# Problem:
In the data below, find the line containing "statue of a dragon head with an open mouth" and the line containing "Pattern of stacked", then reproduce them and every line between, exactly. Omit pictures.

Data items
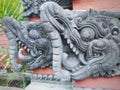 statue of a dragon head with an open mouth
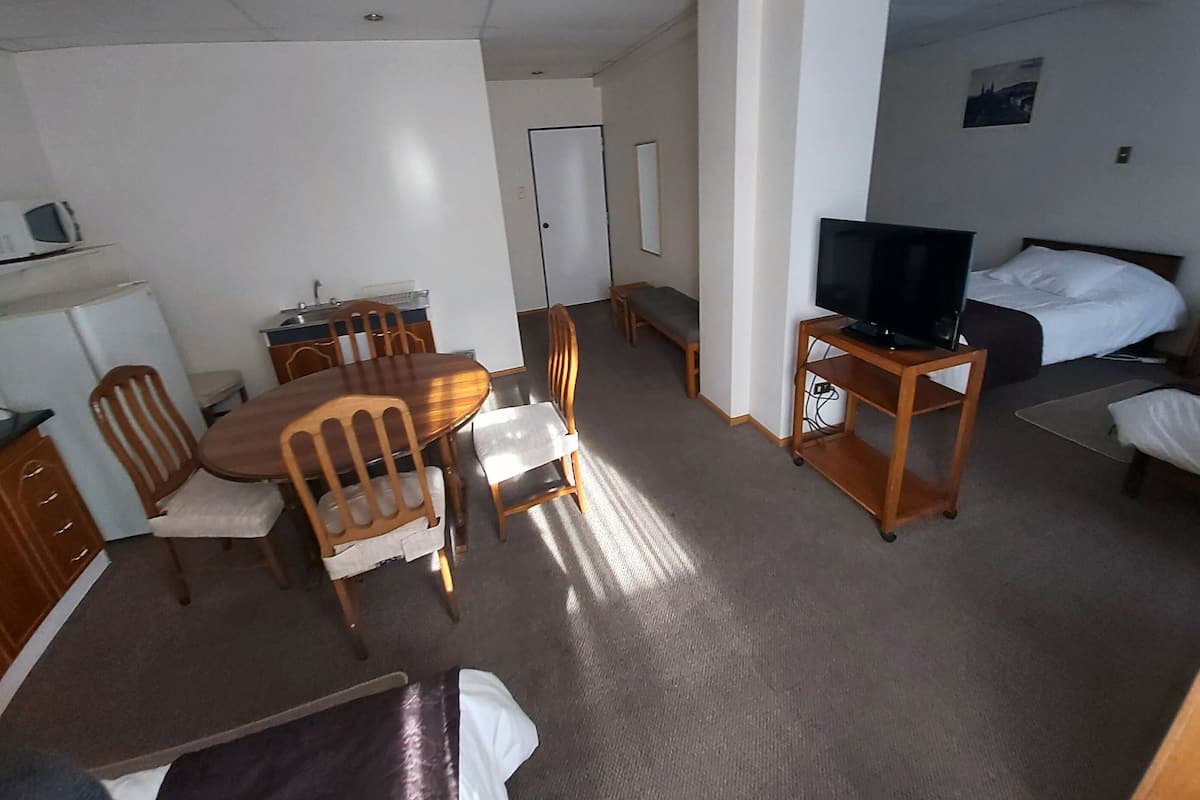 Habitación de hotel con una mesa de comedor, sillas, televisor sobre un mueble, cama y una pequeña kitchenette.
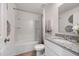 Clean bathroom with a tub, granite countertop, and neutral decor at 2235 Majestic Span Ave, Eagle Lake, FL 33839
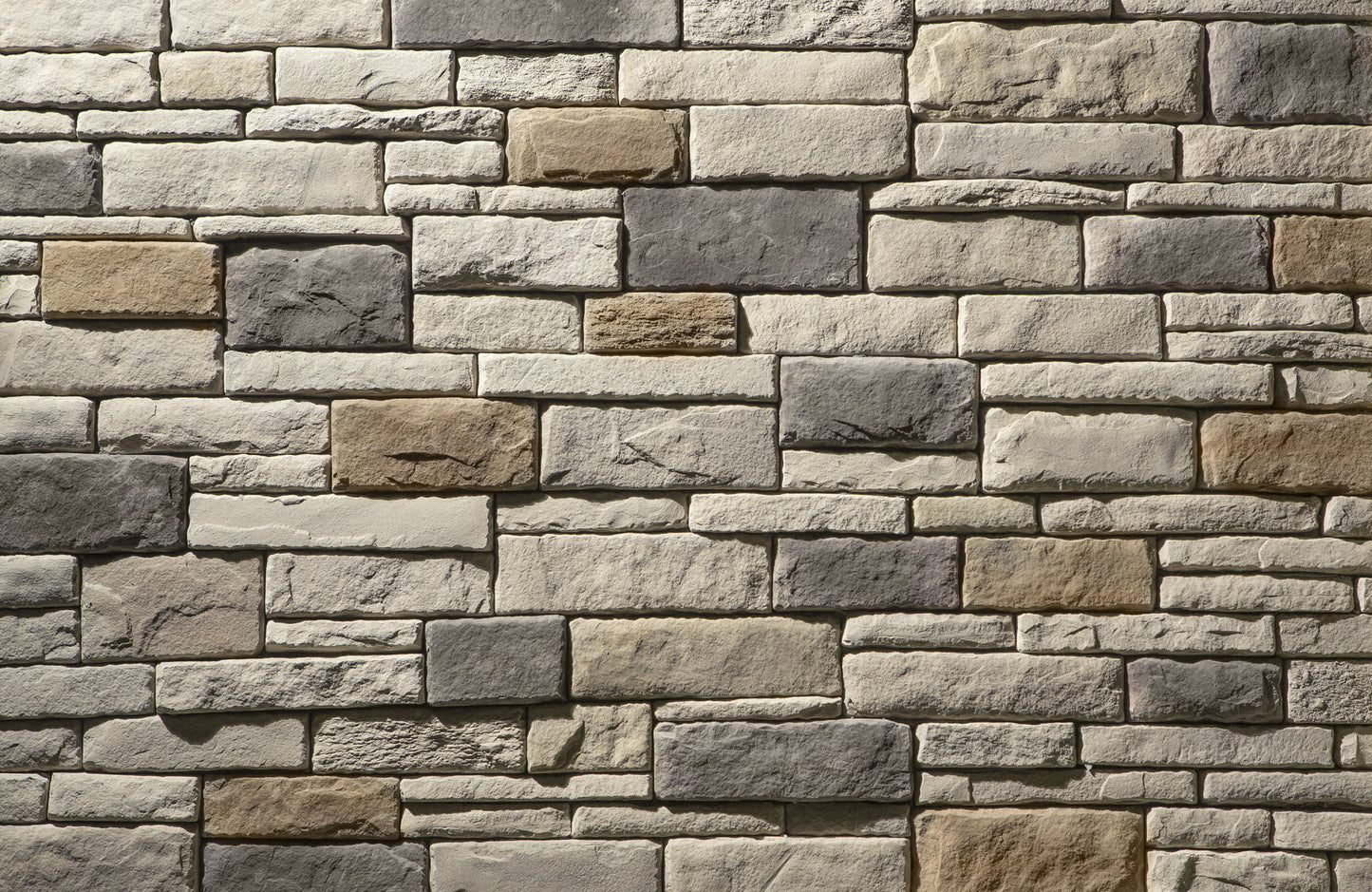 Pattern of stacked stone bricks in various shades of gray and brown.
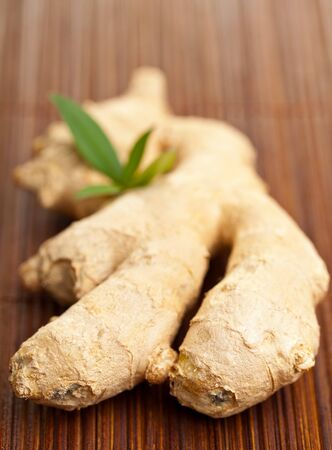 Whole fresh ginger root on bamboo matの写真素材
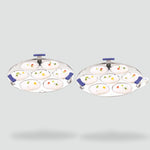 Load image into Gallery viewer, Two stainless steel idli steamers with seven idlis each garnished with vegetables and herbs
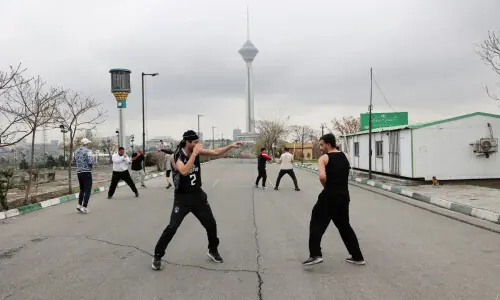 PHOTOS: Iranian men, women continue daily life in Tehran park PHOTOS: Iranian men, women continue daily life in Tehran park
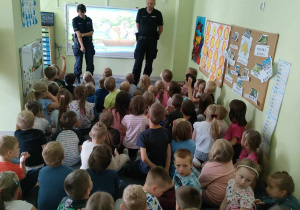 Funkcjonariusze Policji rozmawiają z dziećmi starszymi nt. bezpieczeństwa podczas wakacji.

--

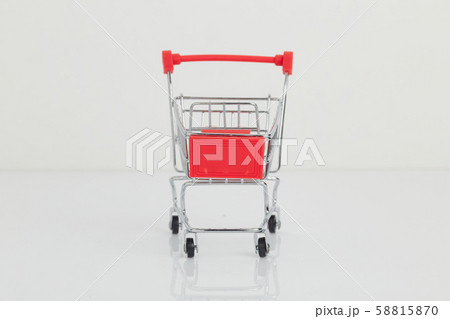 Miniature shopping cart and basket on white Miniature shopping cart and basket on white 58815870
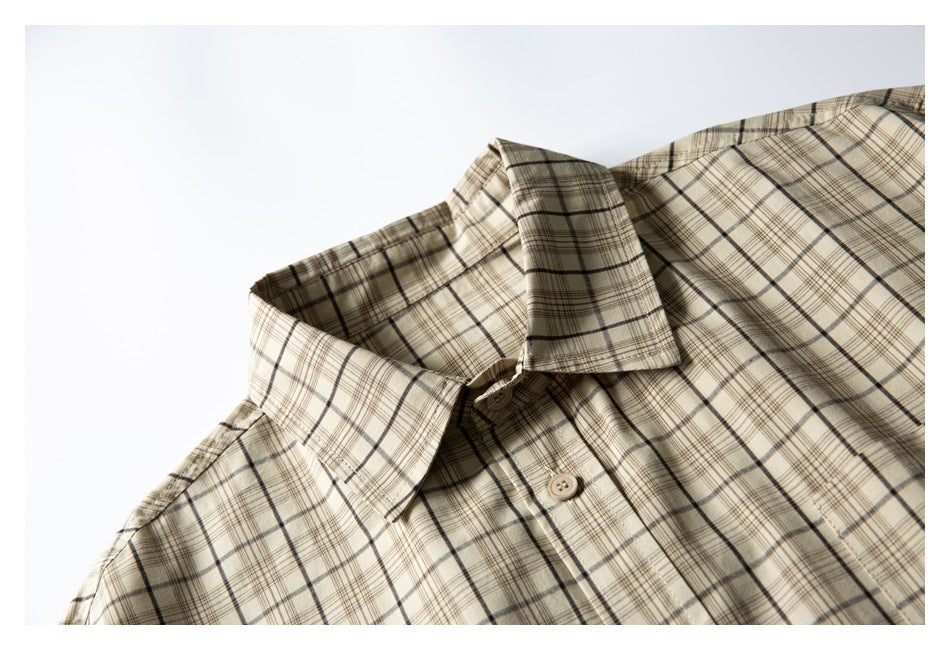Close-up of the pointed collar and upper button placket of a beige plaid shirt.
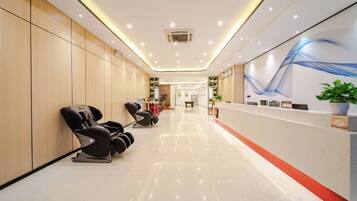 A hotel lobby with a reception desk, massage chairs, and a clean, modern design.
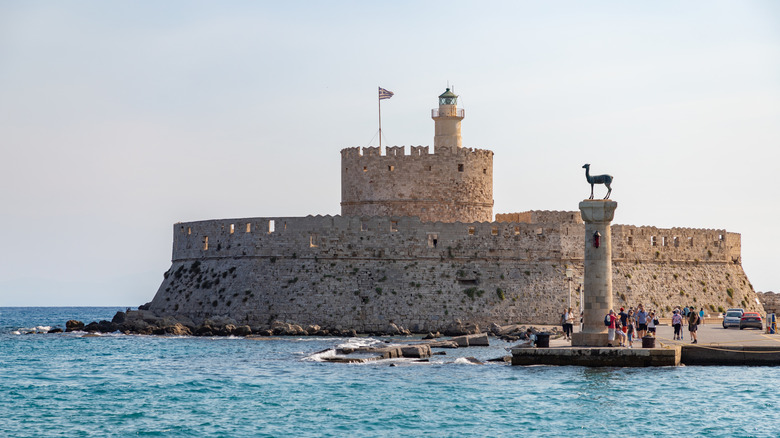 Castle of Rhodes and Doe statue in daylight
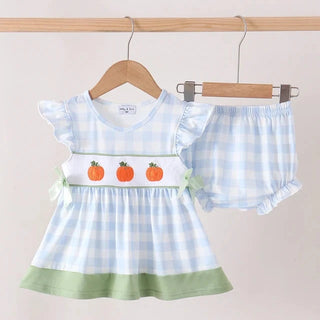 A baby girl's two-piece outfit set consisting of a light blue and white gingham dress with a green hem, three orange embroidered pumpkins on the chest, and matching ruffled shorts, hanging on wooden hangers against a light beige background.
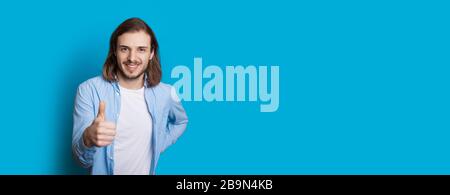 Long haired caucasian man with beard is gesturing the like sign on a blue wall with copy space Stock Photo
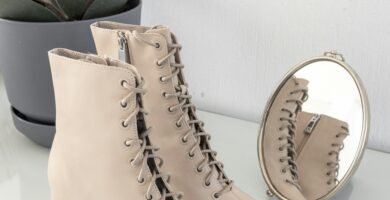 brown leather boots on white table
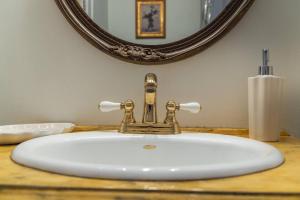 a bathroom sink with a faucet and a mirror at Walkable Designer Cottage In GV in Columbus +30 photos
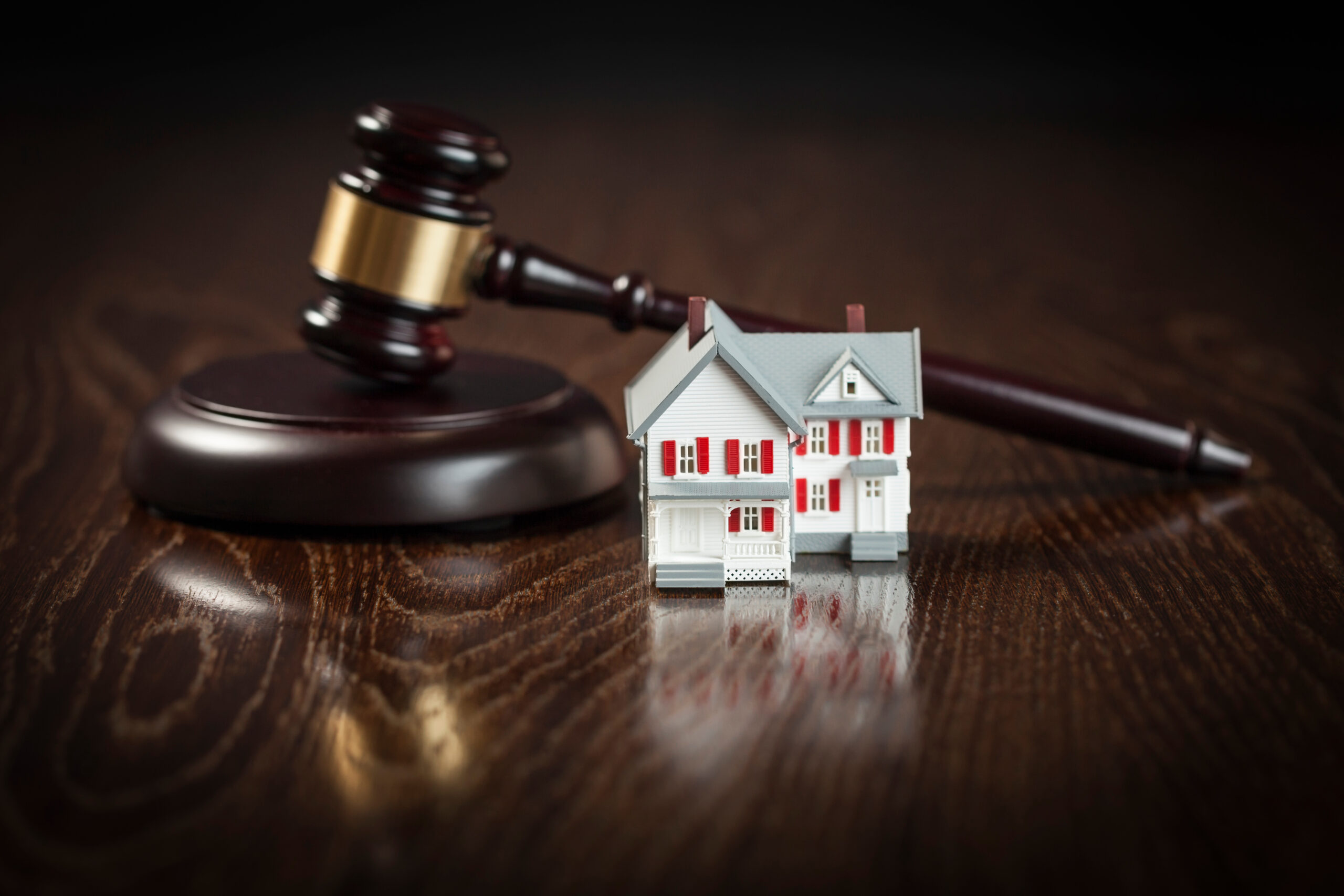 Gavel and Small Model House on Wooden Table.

# Exercise result:
 statue of a dragon head with an open mouth
 Habitación de hotel con una mesa de comedor, sillas, televisor sobre un mueble, cama y una pequeña kitchenette.
 Clean bathroom with a tub, granite countertop, and neutral decor at 2235 Majestic Span Ave, Eagle Lake, FL 33839
 Pattern of stacked stone bricks in various shades of gray and brown.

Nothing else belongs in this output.